The standout data point for the week is in the Permian Basin, with only 6 rigs being laid down versus 49 in the prior week. However, with declines in other key basins remaining similar to the recent past, the Permian Basin may just reflect reporting timing; it will be interesting to see the next week or two to confirm trends.
What may now be valuable to watch more closely is the nature of activity being undertaken, with a number of operators now appearing to adopt a ‘drill and delay’ completion strategy. If this becomes a significant trend then a disconnect may start to be seen between activity and production – a short term slow or decline followed by an acceleration later in the year or early 2016 (See 13th February Post and Oil Price Crash to Have 2 Million Barrels per Day Impact in US?)

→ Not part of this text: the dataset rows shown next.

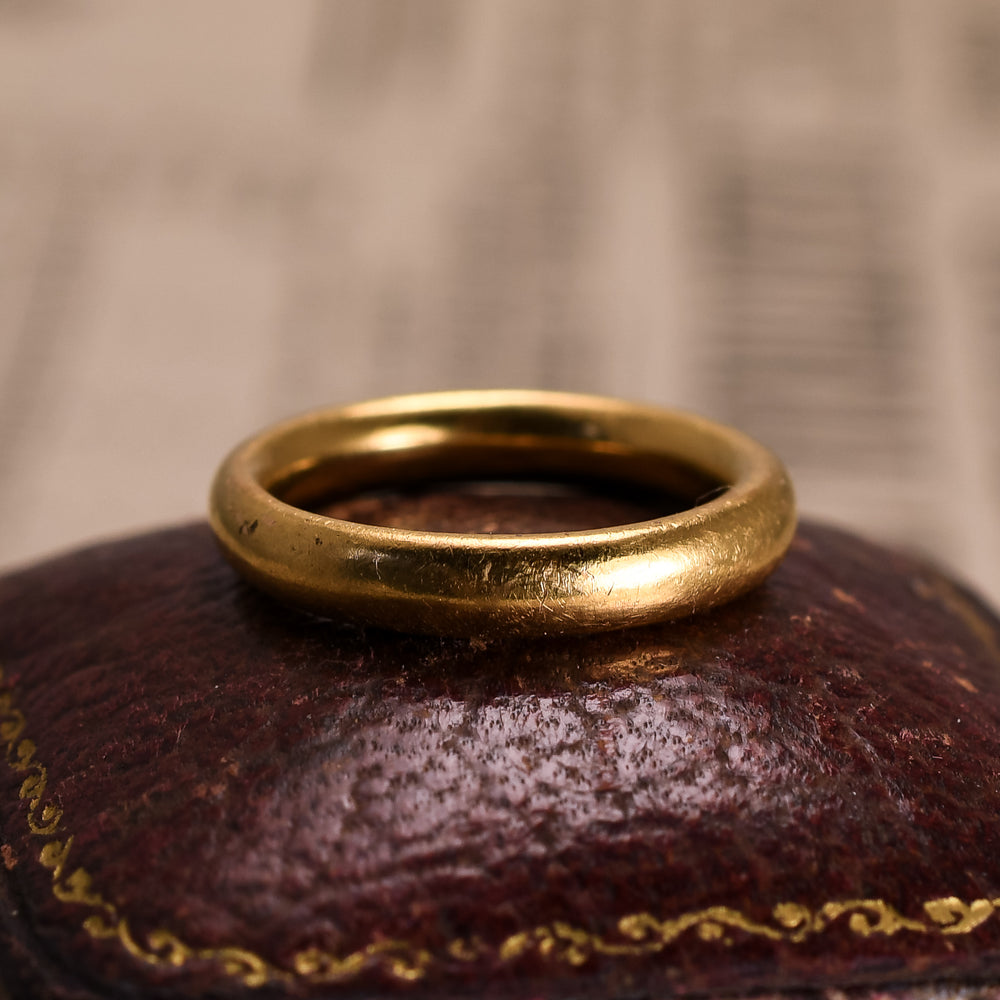 Antique 22k Gold Wedding Band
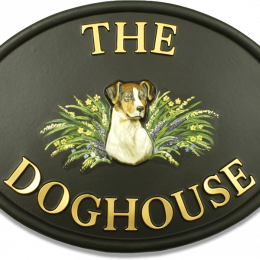 Jack Russel house sign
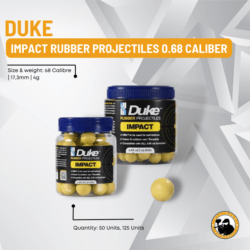 Duke Impact Rubber Projectiles 0.68 Caliber - Dyehard Paintball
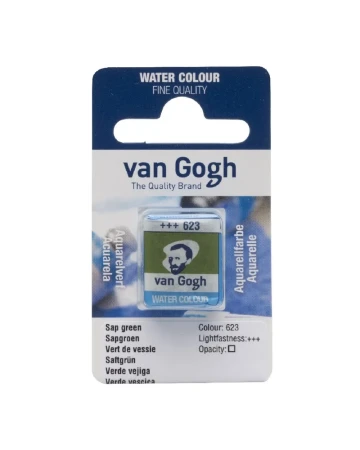 Краска акварельная VAN GOGH кювета №623 Зеленый травяной new MP20866231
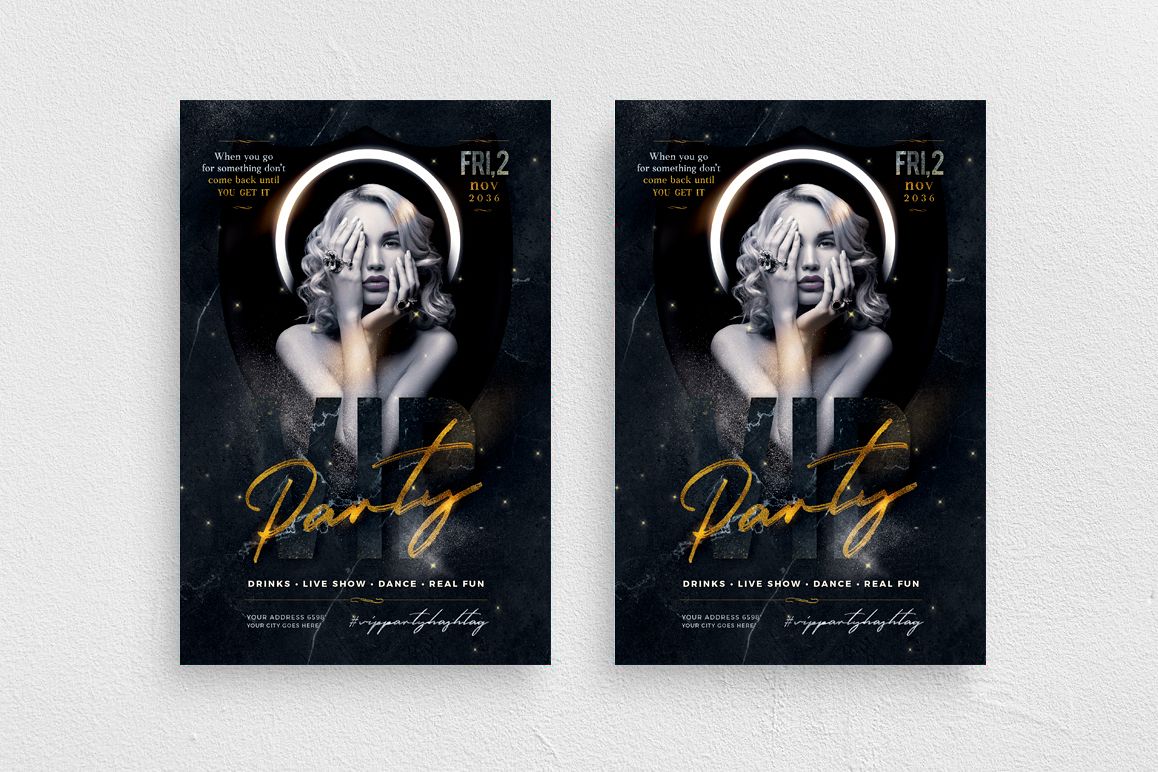 Vip Party Flyer Template example image 1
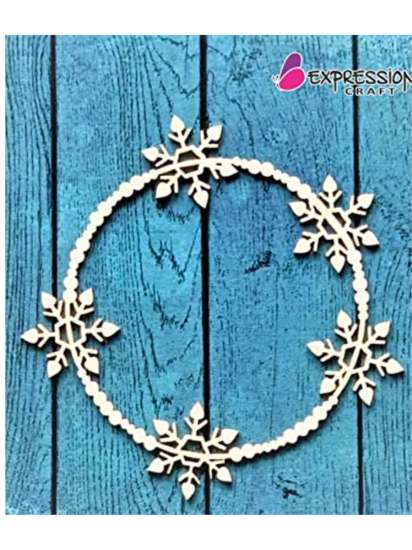snow flakes frame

In the Gulf of Mexico, both the rig count and the oil rig count increased by 2, exemplifying the different reaction of this play to the onshore (See Pain Likely in 2015, But Deep Water GOM Should Be Better Placed Than Unconventional)
Rig Count and Oil Price Indices
In order to provide a relative comparison, the GCA Indices for rig count and oil price compare today’s data with the average in the three month period April to June 2014. Changes this past week place the GCA Index for U.S. onshore rigs at 70, 34 points down on the 2014 high and 3 points down on the previous week moving even closer to the trend established in 2008-2009. The Brent oil Index closed down 1.
Permian, Eagle Ford and Bakken
Looking more specifically at the major onshore basins where unconventional (tight and shale) oil are being developed (Permian, Eagle Ford and Williston Basin), which together represent 60% of the oil-targeted activity, the drop continues to slightly exceed the overall onshore rig count change, being between to 35 and 42 points off 2014 highs, compared to 38 overall.
The rig count in these basins is down 15 in the week, with the GCA Indices now ranging from 67 (Permian and Williston) to 68 (Eagle Ford). The GCA Index for all three basins combined is 67, a drop of 2 points in the week.